Don't be afraid to plant down quite deep, even if only a little green is showing that's usually enough I've found to get plants established.


----------



## WiggyH (17 Oct 2021)

After having planted up for a week now, and spent some time just watching the behaviour of my tank inhabitants, it appears that my Amano shrimp are the problem. 
They are doing the same to my Eleocharis, and my Micrathemum. 
I watch as the rummage around in the substrate and snip away at the new roots, which cause the new plants to float away. Looking at the floating plants shows very little root left.
I'm struggling with my carpet. The area is only 15 x 25 cm, yet there is almost nothing left from 2 x tropica tissue culture pots of the Eleo, and a pot of the Micrathemum.
Anybody else had the problem. I only have 4 Amanos, yet the damage is impressive. They don't seem to touch the other plants.
This could get expensive, or what else can I do.


----------



## Krisps21 (17 Oct 2021)

WiggyH said:


> After having planted up for a week now, and spent some time just watching the behaviour of my tank inhabitants, it appears that my Amano shrimp are the problem.
> They are doing the same to my Eleocharis, and my Micrathemum.
> I watch as the rummage around in the substrate and snip away at the new roots, which cause the new plants to float away. Looking at the floating plants shows very little root left.
> I'm struggling with my carpet.
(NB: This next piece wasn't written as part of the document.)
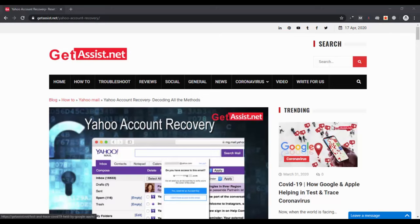Hey everyone, welcome back to my YouTube channel Get Assist dotnet. I'm back again with another Yahoo tutorial. In this video, I will show you how you can recover your Yahoo account if you don't have any recovery email address or phone number linked to it.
The area is only 15 x 25 cm, yet there is almost nothing left from 2 x tropica tissue culture pots of the Eleo, and a pot of the Micrathemum.
> ...


Are you sure it's not melting away? It's quite common for tissue culture to have some melt, especially with new soil.


----------



## Andy Pierce (17 Oct 2021)

You could try sourcing some grown on a net pad where you just weigh down the pad.  A google search (micranthemum pad - Google Search) turns up several possibilities you could try.  I've never done this myself so if you give it a go, please post about your experience.


----------



## bazz (18 Oct 2021)

Are you feeding the shrimps, they much prefer blanched nettle/courgette/mulberry leaves etc.. along with various dedicated shrimp food, to plants?


----------